Citigroup, JP Morgan Chase, Bank of America and others had already settled out of court, and the $7.3 billion from that settlement will be distributed to the plaintiffs later this year. But Merrill Lynch, Barclays and Credit Suisse First Boston were going to trial until the obliging federal judges immunized them.
The matter does not stop there, fortunately. The plaintiffs’ attorney, legendary trial lawyer and Wall Street nightmare William Lerach, has appealed the ruling to the Supreme Court, which is likely to hear this or a similar case (or both) in the fall. Of particular significance is whether the Securities and Exchange Commission will ask the Justice Department to file an amicus brief for the plaintiffs. SEC Rule 10b-5 makes it unlawful for any person, “directly or indirectly,” “to employ any device, scheme or artifice to defraud” investors. Intervening on shareholders’ behalf in this kind of proceeding would seem implicit in the SEC’s raison d’etre, but under the leadership of Bush appointee Christopher Cox, the commission has appeared eager to foster on Wall Street the very anything-goes ethic that compelled New Deal leaders to create the SEC in the first place.
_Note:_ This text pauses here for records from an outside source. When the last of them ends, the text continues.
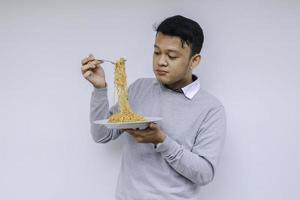 Young Asian man enjoy noodles. Eating lunch concept. photo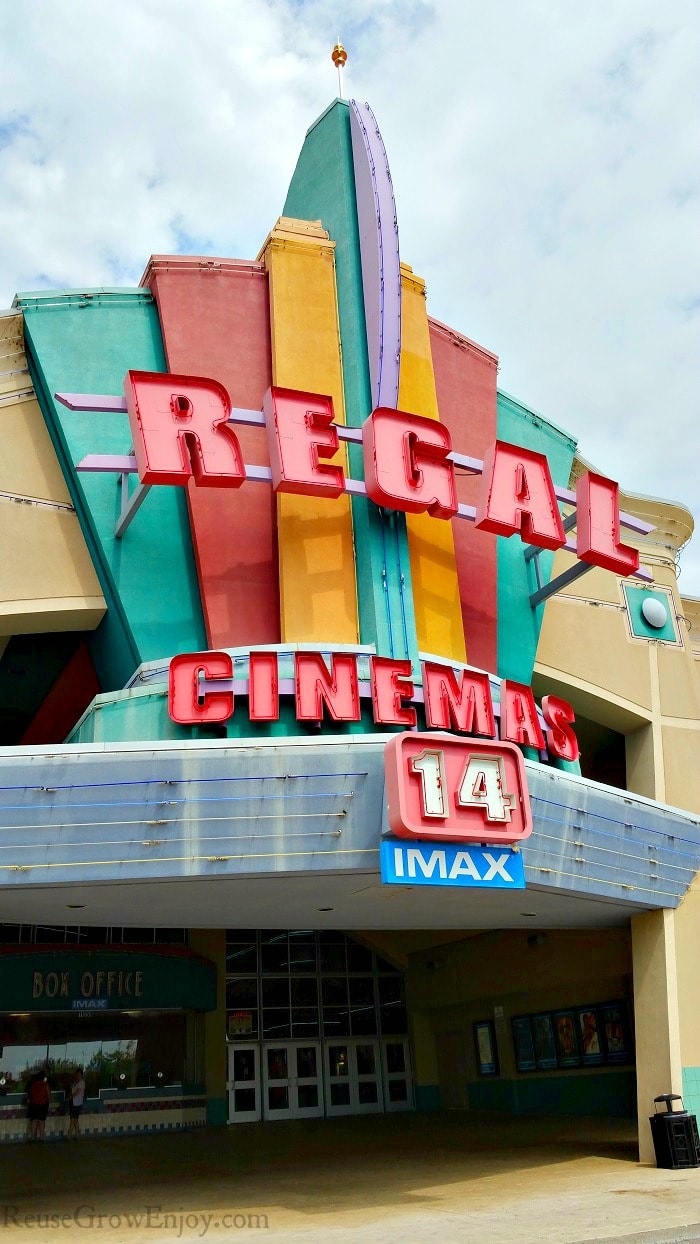 Box office Regal theater with summer movies on the posters.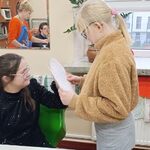 Uczennica przebija szpilką talerzyk papierowy z wróżbą trzymany przez koleżankę.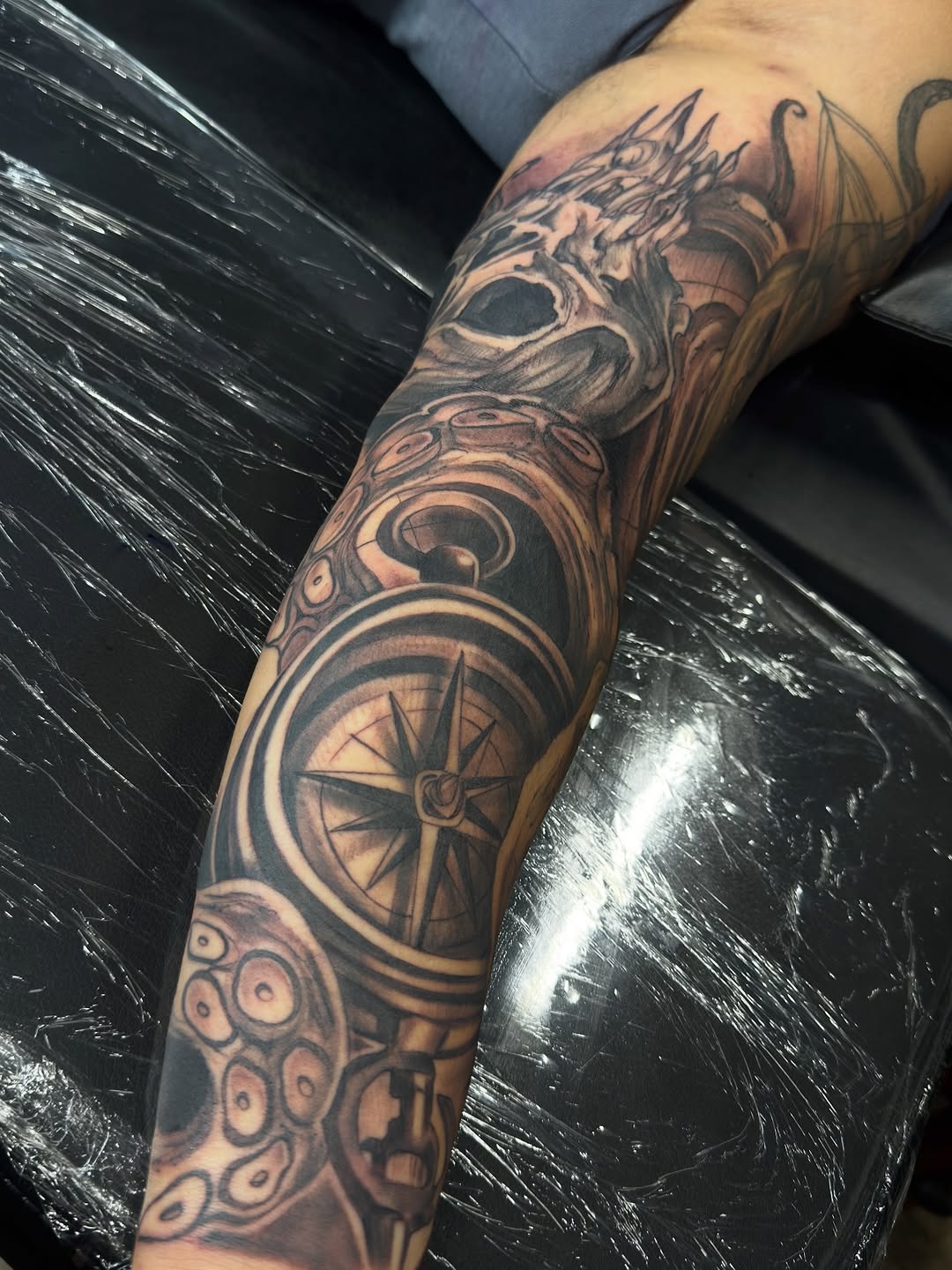 Bold black-and-gray compass rose with gearwork and circular motifs.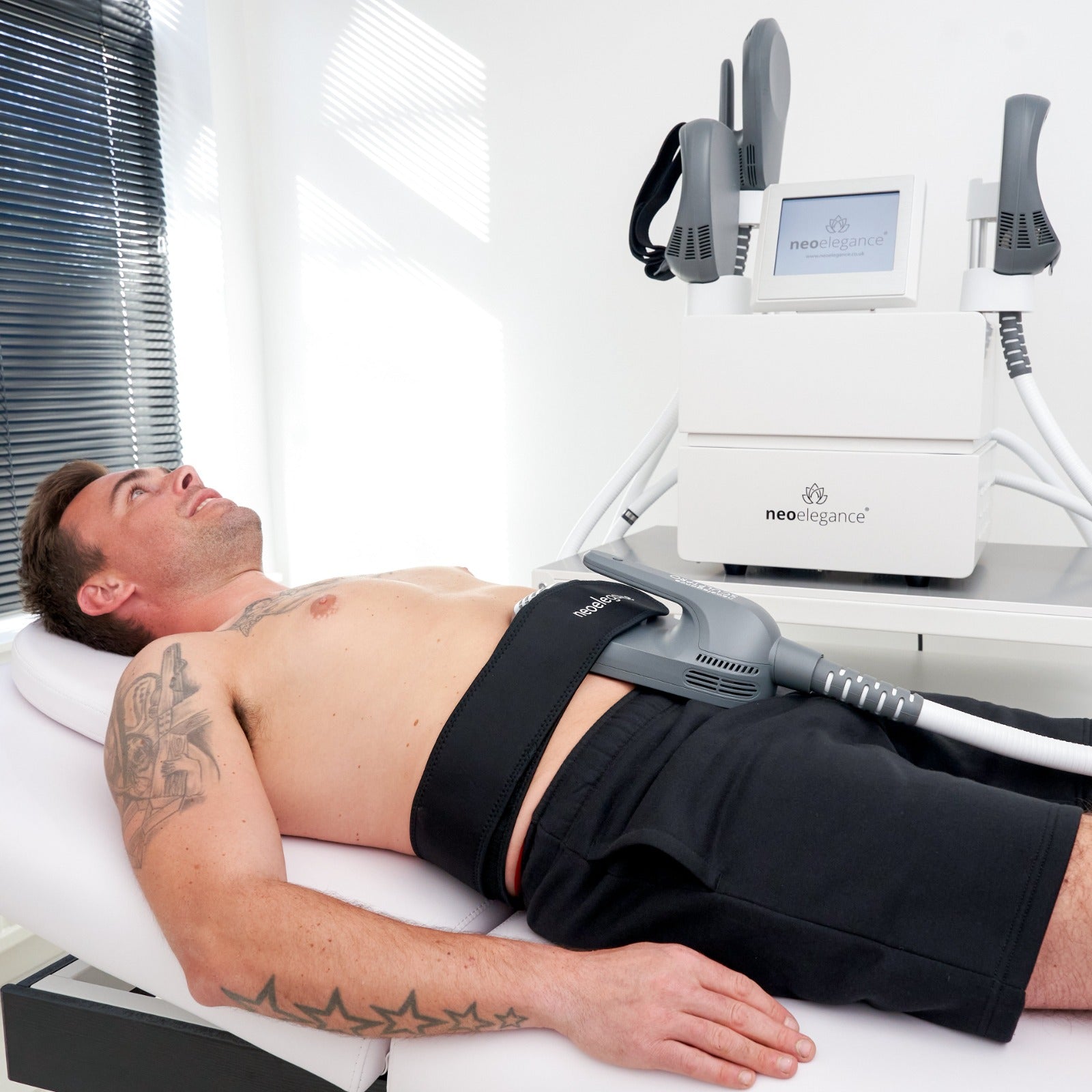 Neo Body SculptPro From Neo Elegance in use for Tummy Tightening in a clinic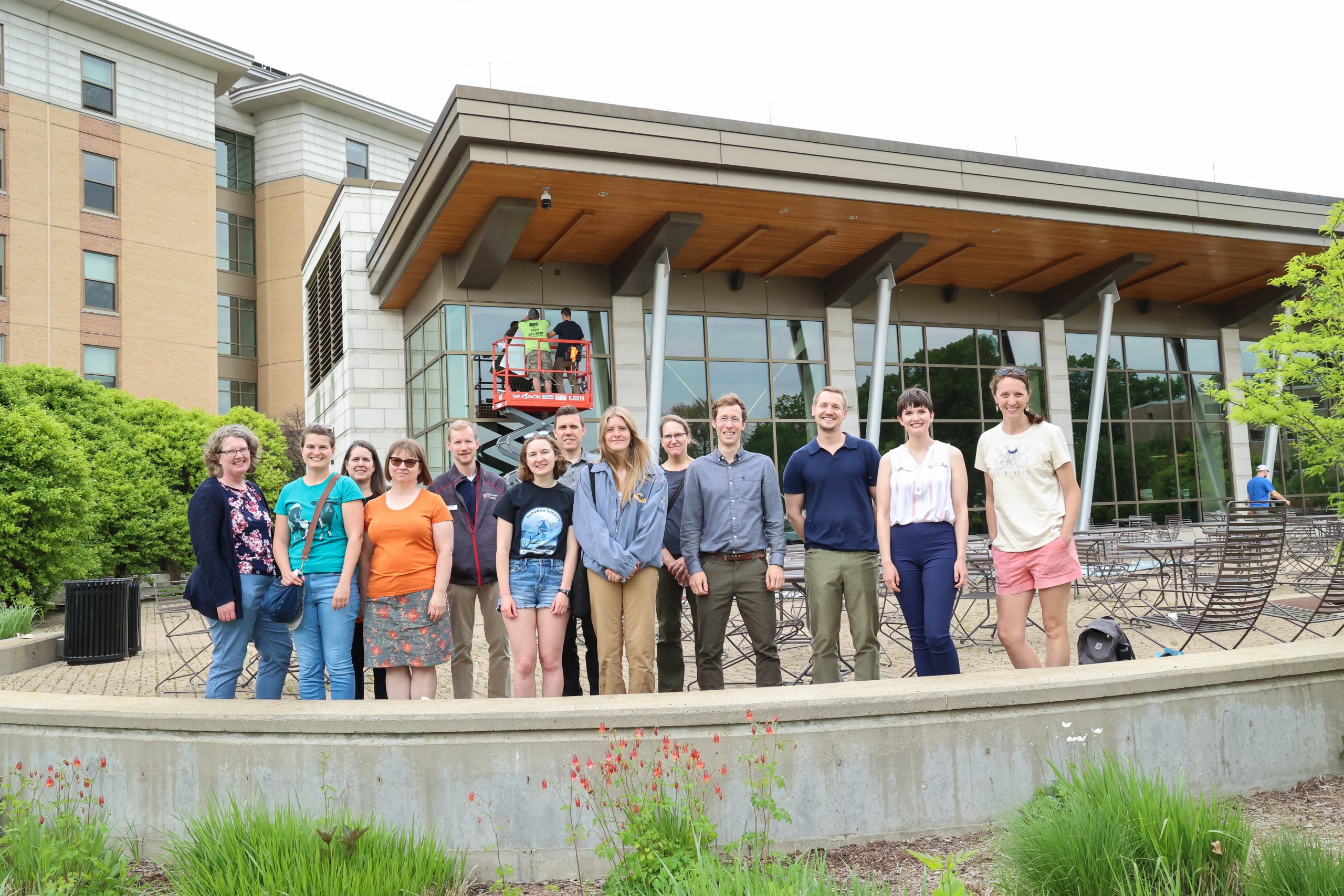 A group involved in the project gathers outside of Dejope Residence Hall to watch the installation of Bird-Friendly glass.
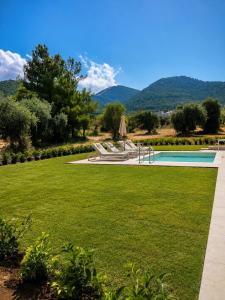 a garden with a swimming pool and a lawn at Minimal Suites in Skala Rachoniou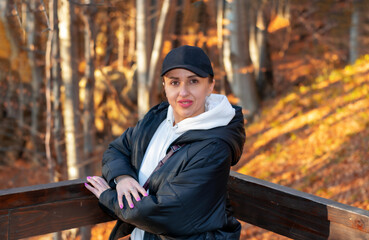 A woman on a walk in the forest in the Ukrainian Carpathians.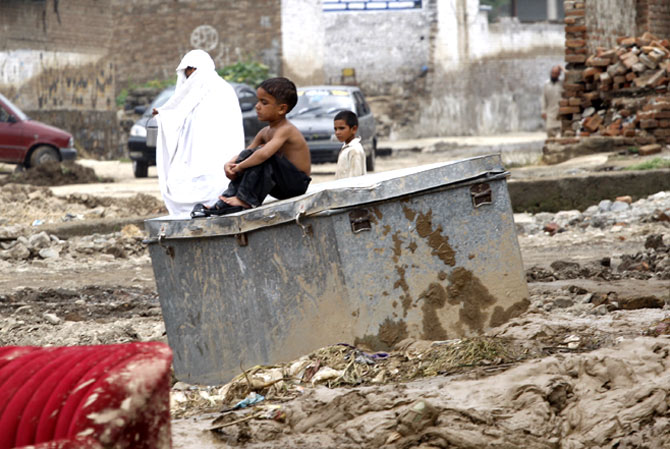 A boy sits on a trunk outside his collapsed house.
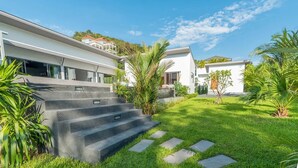 A modern house with a well-maintained lawn, a set of concrete steps leading to the entrance, and a clear blue sky. - Elegant 4-bedroom villa with private pool, waterfall showers, and garden (Tambon Mae Nam)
Today in Washington, some Enron plaintiffs will gather to importune the SEC to do its job. One of them will be Charles Prestwood, who went to work maintaining Houston Natural Gas plants back in the ’60s. In 1985, Houston Natural Gas merged with another company to form Enron, for which Prestwood worked until his retirement in 2000. Enron had automatically invested all his retirement funds in its own stock, and with the huge run-up in Enron shares, his retirement nest egg came to $1.3 million. Just as the Enron meltdown began, however, the company froze all its 401(k) accounts, and Prestwood couldn’t access his funds. He emerged with $8,000.
Prestwood, who has disabling heart problems, didn’t have extravagant retirement plans. “I just wanted to see the sights in the good old U.S.A.,” he says. “Today, I can’t afford to go anywhere. I just barely survive.”
All Charles Prestwood wanted was to travel beyond Texas. All he wanted was an employer that wouldn’t destroy his 401(k), a financial system to keep his employer honest, and, now, judges to hold that employer and those banks liable for the theft of his old age. “I cannot understand judges who would look at the people who designed the theft, provided the money to do it and drove the getaway car, and say that they didn’t do anything. This country boy,” he says, “has a hard time interpreting these things.”